Previous studies suggested that the cellular OCR and mitochondrial DNA content increase during osteogenic differentiation of hBMSCs (27,28), and that TgESPs can regulate host cell metabolism, particularly the TCA cycle (22). Therefore, it was hypothesized that TgESPs may also regulate the energy metabolism of hBMSCs during osteogenic differentiation. The results indicated that the OIM group with induced osteogenic differentiation had significantly higher OCR in hBMSCs than the LG-DMEM group without induced osteogenic differentiation. Upon addition of TgESPs, the basal, maximal, ATP production and respiration rates, as well as the spare respiratory capacity, were increased. However, no significant difference in OCR was observed among the induced osteogenic differentiation groups (Fig. 4A and B). This observation suggested that TgESPs had no significant effect on the mitochondrial OXPHOS of hBMSCs. Furthermore, the glycolysis rate of hBMSCs was measured and it was observed that the ECAR increased following hBMSC induction and that basal and compensatory glycolysis were enhanced after TgESP treatment (Fig. 4C and D). Subsequently, lactic acid production in cells was detected; the results indicated that hBMSCs produced significantly more lactic acid after 72 h of TgESP treatment (Fig. 4E). Next, to assess the biochemical basis of glycolysis, the gene and protein expression of several rate-limiting enzymes involved in critical steps of glycolysis was examined. The mRNA levels of PFKFB3, PFKFB4, enolase (ENO)3 and LDHA were significantly increased at three and seven days after osteogenic differentiation induction. In addition, TgESPs significantly increased the protein expression of PFKFB3 and LDHA in a concentration-dependent manner (Fig. 4F-H).

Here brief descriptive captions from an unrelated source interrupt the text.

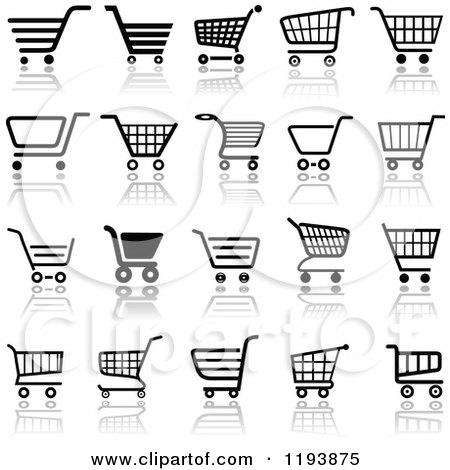 Clipart of Different Styled Black and White Shopping Cart Website Icons 2 - Royalty Free Vector Illustration by dero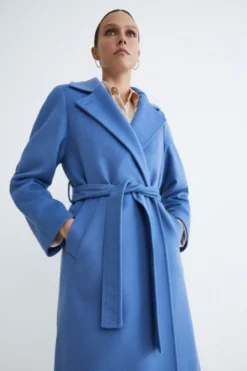 Cappotto lungo in lana e cashmere - AZZURRO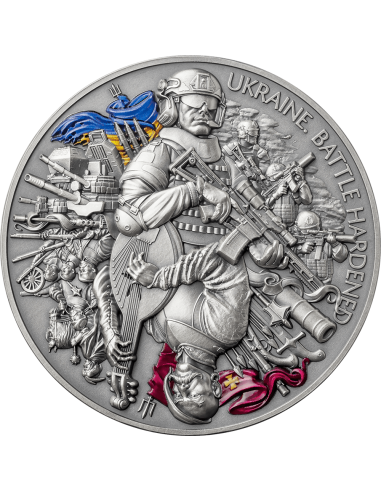 UKRAINE BATTLE HARDENED 2 Oz Silver Coin 10 Cedis Ghana 2024 - Coins & More - Ghana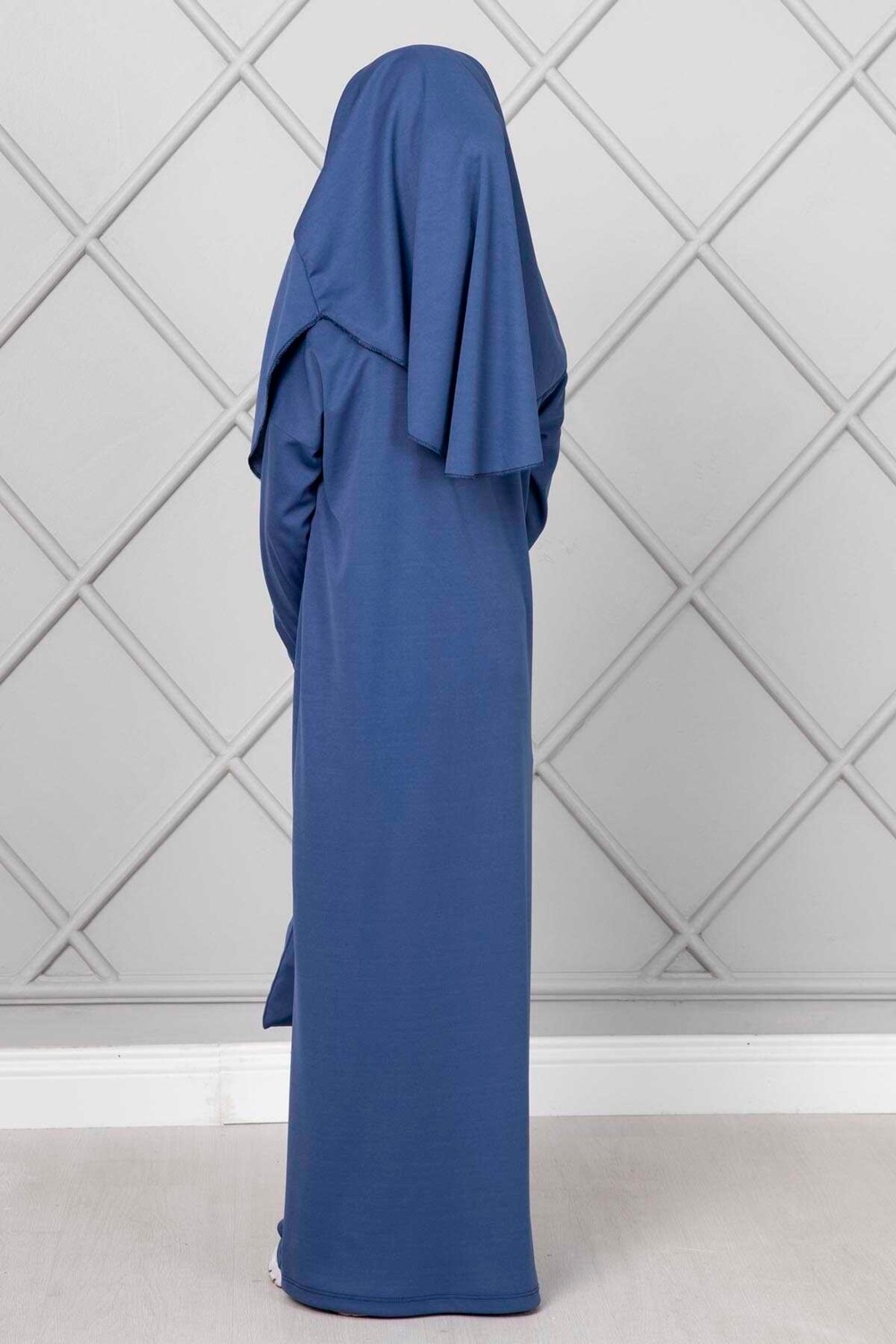 Md Tesettür Çocuk Namaz Elbisesi İndigo görsel 5
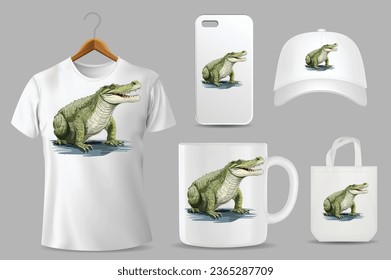 Hand Drawn Solid Color Crocodile Illustration On Different Product Templates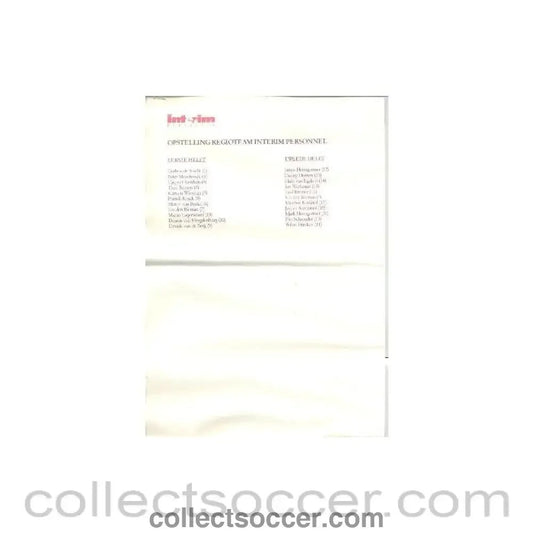 2000 - Regioteam V Chelsea Friendly 05/08/2000 teamsheet - Collect Soccer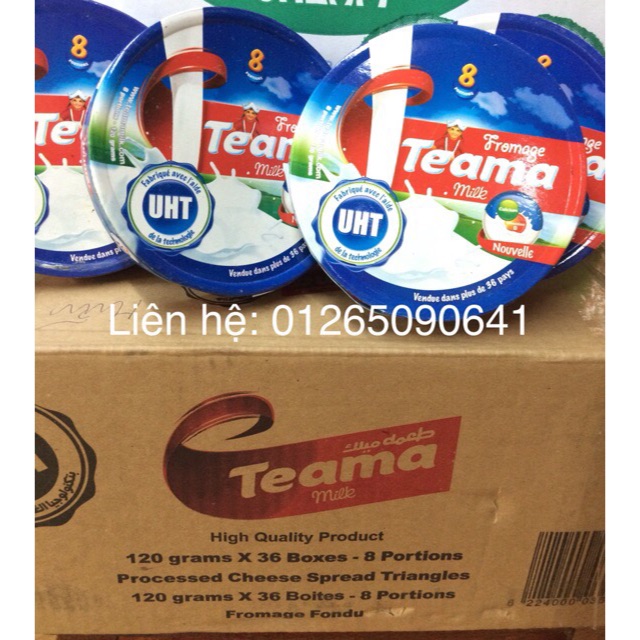 1 thùng phô mai miếng Teama- 36 Hộp/ thùng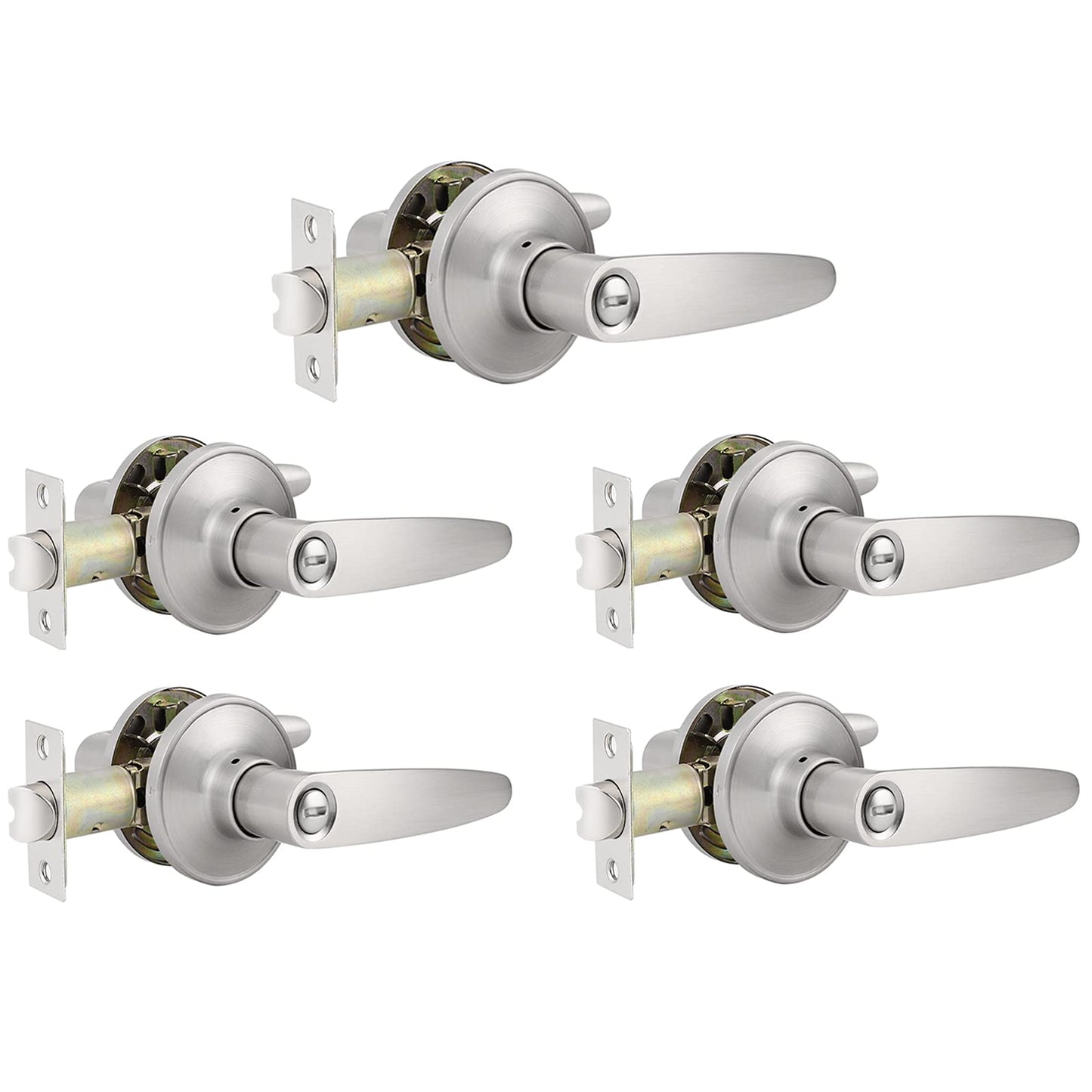 Probrico Satin Nickel Privacy Door Levers Keyless Interior Bed/Bath Door Handles, Reversible for Right & Left for Bathroom or Bedrooms, 5 Pack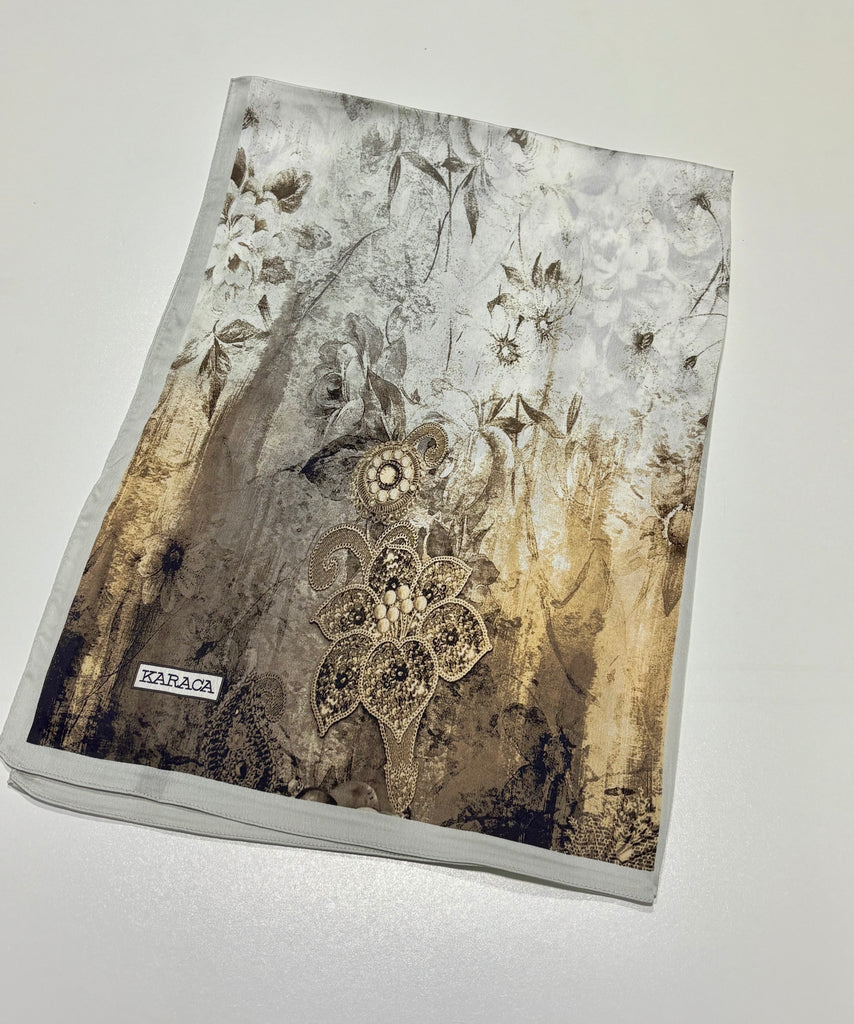 Premium Karaca Ornamental Floral Damask Satin Long Hijab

According to the above-mentioned results, TgESPs can enhance glycolysis during the osteogenic differentiation of hBMSCs. Therefore, in the present study, the effect of glycolysis on the osteogenic differentiation of hBMSCs was investigated in further detail. After treatment with 2-DG (an inhibitor of glycolysis), the ECAR and lactate production in hBMSCs were significantly inhibited; however, the ECAR and lactate secretion in hBMSCs were restored after simultaneous treatment with TgESPs and 2-DG (Fig. 5A and C). Quantification of the ECAR data showed that basic and compensatory glycolysis was able to reverse the inhibition effect of 2-DG after TgESP treatment (Fig. 5B). Alizarin red staining indicated that calcium deposition in the 2-DG group was much lower than that in the control group and TgESP group, but it increased again in the TgESPs+2-DG group as compared with that in the 2-DG group (Fig. 5D). Furthermore, RT-qPCR and western blotting results indicated that 2-DG inhibited the rate-limiting enzymes of glycolysis, while TgESPs reversed this inhibition (Fig. 5E, F and H). In addition, it was found that 2-DG inhibited the mRNA and protein expression of Runx2, OPN and OSX, while TgESPs reversed the inhibitory effect of 2-DG on osteogenic differentiation (Fig. 5E-I). These results suggest that TgESPs can affect glycolysis in hBMSCs and enhance their osteogenic differentiation ability.

The regulation of glycolysis in MSCs has been reported to be regulated by the Wnt/β-catenin signaling pathway (29). Therefore, it was hypothesized in the present study that TgESPs can affect glycolysis through the Wnt/β-catenin signaling pathway during the osteogenic differentiation of hBMSCs. Upon assessing the glycolytic rate, both basal and compensatory glycolysis were found to be significantly lower in the OIM+Icg-001 group than those in the OIM group (P<0.05). In addition, TgESP treatment was observed to reverse the inhibitory effect of Icg-001 on glycolysis (Fig. 6A and B). Furthermore, cellular lactate production showed the same trend as that described above (Fig. 6C). Next, the gene and protein expression of rate-limiting enzymes in the critical step of glycolysis were examined. The mRNA expression of PFKFB3, PFKFB4, ENO3 and LDHA was significantly reduced in the Icg-001 group (P<0.05), but addition of TgESPs increased the expression of these genes again (Fig. 6D). Furthermore, the inhibition of the PFKFB3 and LDHA proteins caused by Icg-001 was partially reversed by TgESPs (Fig. 6E and F). These results suggest that β-catenin is crucial in regulating downstream glycolysis and promoting the osteogenic differentiation of hBMSCs.